Savings: $60/year, immediately. The Pi 4 was already owned hardware.
Presence Detection and Agent Integration
Section titled “Presence Detection and Agent Integration”The HA Companion App on my phone reports GPS location, WiFi SSID, and activity type to Home Assistant. HA maps these to zones — home, work, school, grocery stores — and exposes them as person.father and person.mother entities.
This is where home automation intersects with my AI agent platform. Presence data flows from HA to my agent via webhooks:
automation: - alias: "Presence update to agent" trigger: - platform: state entity_id: person.father action: - service: rest_command.agent_presence data: person: "spencer" zone: "{{ states('person.father') }}"The agent uses presence context to adjust its behavior: suppress non-urgent alerts when I’m driving, surface the grocery list when I’m at the store, adjust communication style based on whether I’m at work or home. Location data stays entirely local — HA runs on my cluster, not in the cloud, and the agent gets zone names (“home,” “work”), not raw GPS coordinates.
Deployment Details
Section titled “Deployment Details”| Component | Image / Chart | Storage | Resources |
|---|---|---|---|
| Home Assistant | pajikos Helm v0.3.43, HA 2026.2.1 | 10Gi Longhorn PVC (2x repl) | 250m/512Mi req, 2000m/2Gi limit |
| PostgreSQL | postgres:16-alpine StatefulSet | 10Gi Longhorn PVC (2x repl) | 100m/256Mi req |
| Longhorn snapshots | Recurring Job | — | Every 6 hours, retain 10 |
| Longhorn backups | Recurring Job | S3-compatible target | Daily, retain 30 |
Namespace: home-assistant
Helm chart: pajikos/home-assistant — auto-updated with new HA releases, low issue count (2 open as of Feb 2026), supports StatefulSet by default with configurable persistence, init containers (for HACS installation), and templated configuration.yaml.
Phase 2 Roadmap
Section titled “Phase 2 Roadmap”Phase 1 is intentionally minimal: prove the platform with WiFi/cloud devices (Nest, Sonos), then expand.

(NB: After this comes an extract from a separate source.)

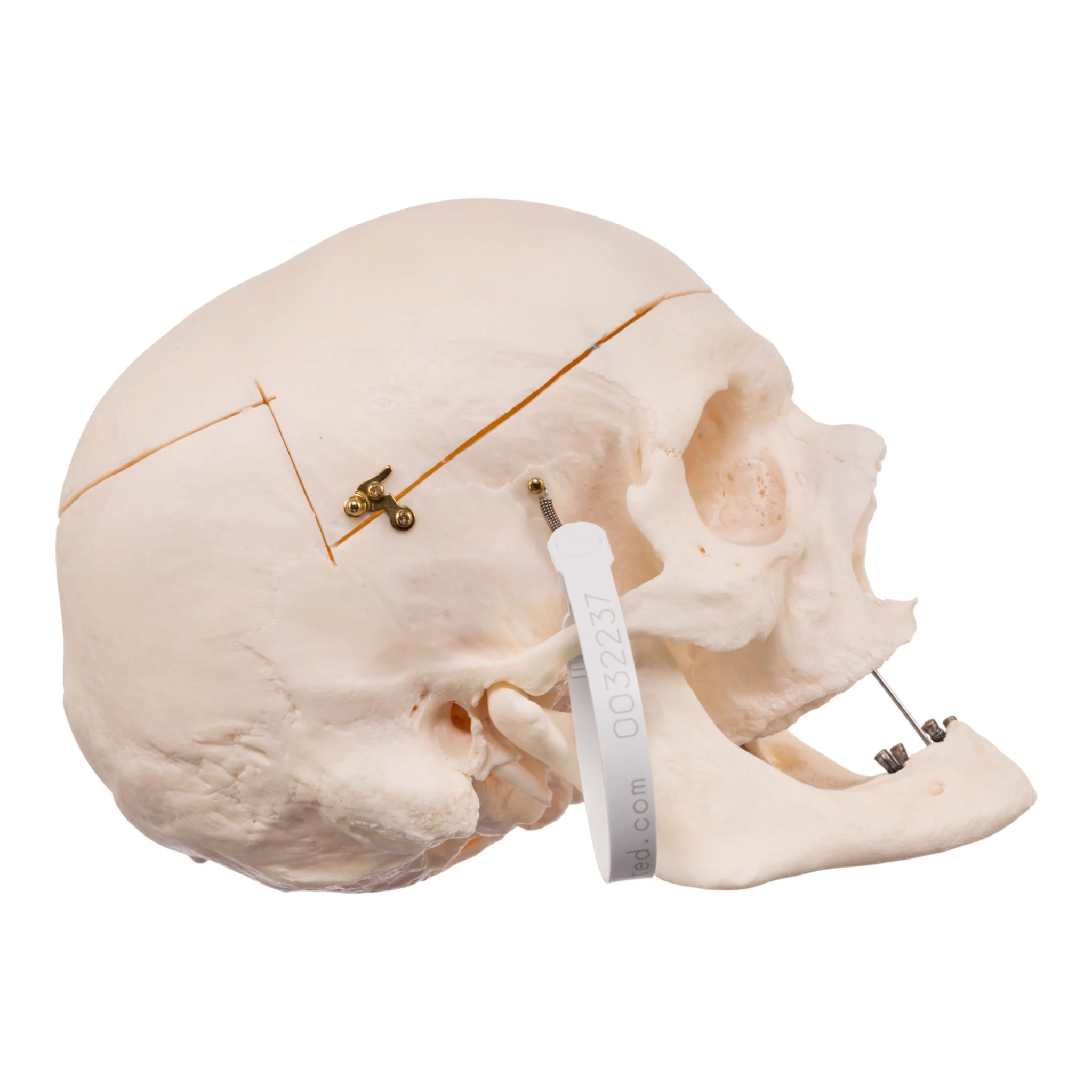Real Research Quality Human Skull - Image 2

| Addition | What It Enables | Key Decision |
|---|---|---|
| Zigbee2MQTT + Mosquitto | Zigbee device support (sensors, switches, lights) | Network coordinator (SLZB-06) over USB — eliminates node pinning |
| Matter Server | Matter/Thread device support | hostNetwork: true for IPv6 multicast |
| ESPHome | Custom ESP32/ESP8266 sensors | hostNetwork: true for mDNS OTA |
| Frigate | Local camera AI (person/vehicle detection) | Orange Pi 5’s RK3588 has 6 TOPS NPU — explore for inference |
Each addition is a separate Kubernetes Deployment with its own PVC, resource limits, and CiliumNetworkPolicy. The HA “Apps” store doesn’t exist in Container mode — every add-on runs as a standalone pod. For someone already running Kubernetes, this is arguably a feature: each component has its own lifecycle, resource bounds, and security policy.
What This Demonstrates
Section titled “What This Demonstrates”Production operations on constrained hardware. Not “it works on my Pi” — PostgreSQL with proper replication, automated snapshots, network policies, and rolling updates. The kind of operational discipline that transfers directly to cloud or enterprise Kubernetes.

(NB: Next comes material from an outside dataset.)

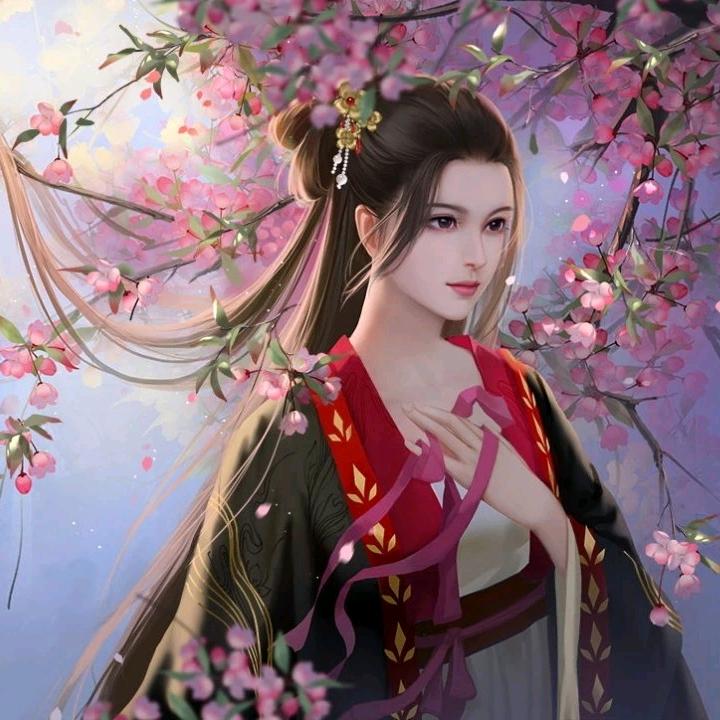 ✨红尘客✨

Security-first IoT design. IoT devices are high-risk by nature. Running them behind Tailscale (no public internet exposure), with CiliumNetworkPolicy segmentation (each component scoped to minimum required connectivity), and on a cluster with automated security scanning is a fundamentally different posture than plugging a smart hub into your router and hoping for the best.
Practical tradeoff documentation. Every design decision has an explicit tradeoff. hostNetwork for mDNS breaks NetworkPolicy enforcement — acknowledged, mitigated, monitored. SQLite on Longhorn causes locking — replaced with PostgreSQL from day one. Container mode lacks the Apps store — treated as a feature for K8s-native deployment. The value isn’t in making perfect decisions; it’s in making informed ones and documenting why.